Tesla will partner up with AI darlings DeepSeek and Bytedance’s Doubao on new tools in its cars in China, according to a document uploaded to Tesla’s official website.
Bloomberg reports that Doubao will work on voice command-related tools like the temperature in a Tesla, navigation, and in-car entertainment, while DeepSeek will handle the AI side of things.
The move may be a way for Tesla to boost its Chinese deliveries, which dropped 8.4% from December to June compared to the same time period last year.
DeepSeek is currently used in several Chinese Tesla rivals, including carmakers Zhejiang Geely Holding Group Co. and YD Co.
Representatives from Tesla and Bytedance did not respond to requests for comment.
The AI race for domination heats up
The scramble for Chinese buyers has meant that companies not based in the country, like BMW and Tesla, have had to find new ways to tempt drivers with more tech.
That has lead them to ink deals with local providers like DeepSeek and Alibaba, which has teamed up with BMW to offer its QWen large language model in cars. DeepSeek’s most recent AI model has also had market watchers sit up and take notice.

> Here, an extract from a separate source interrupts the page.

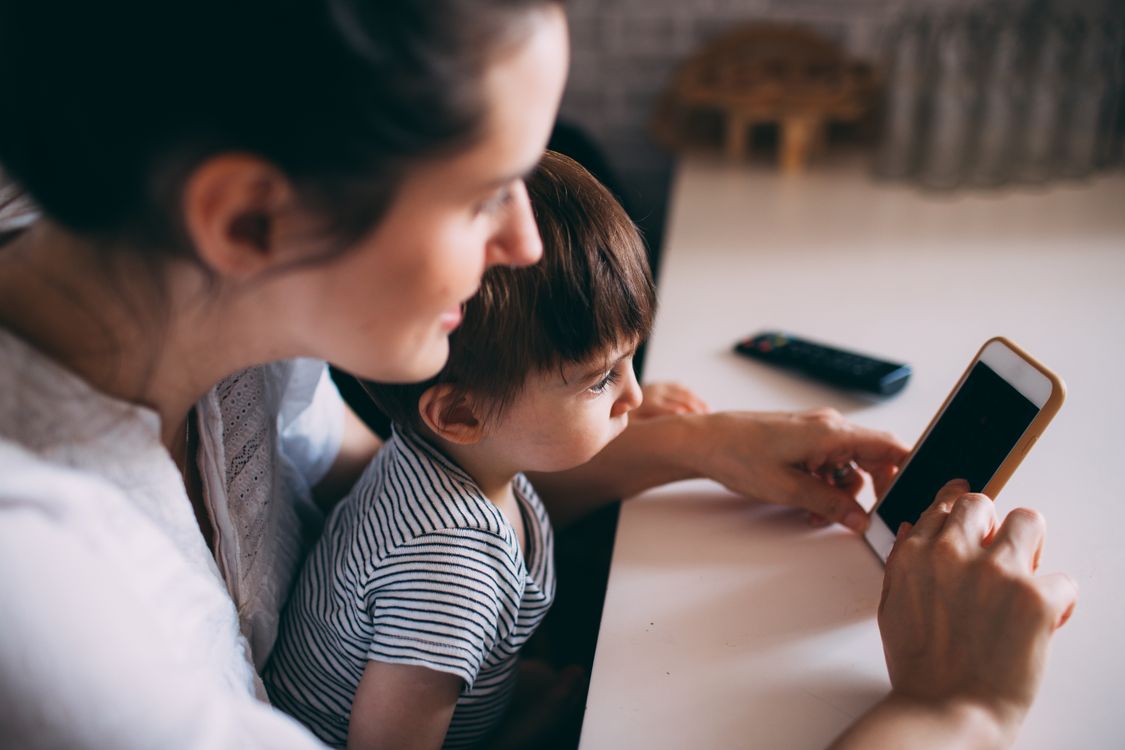 Parent and child looking at a phone together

“While many recognize DeepSeek’s achievements, this represents just the beginning of China’s AI innovation wave,” Louis Liang, an AI sector investor with Ameba Capital, told Bloomberg. “We are witnessing the advent of AI mass adoption, this goes beyond national competition.”
AI fans may love this news
This may be good news for many AI enthusiasts who were wowed by DeepSeek’s release of its V3.1 model earlier this week, a debut which showed a surprising amount of power and range from the Chinese company compared to Western competitors.
“Deepseek v3.1 scores 71.6% on aider—non-reasoning SOTA,” tweeted AI researcher Andrew Christianson at the time, adding that it is “1% more than Claude Opus 4 while being 68 times cheaper.” That speed matched performance levels previously reserved for the most expensive proprietary systems, lifting DeepSeek into a whole new level of prestige.
Tesla cars in the U.S. currently use an AI model created by xAI dubbed Grok. Bloomberg theorizes that rolling out Grok in China has hit some legal hurdles abroad, which are likely a speed bump for CEO Elon Musk’s ambitions in the AI race.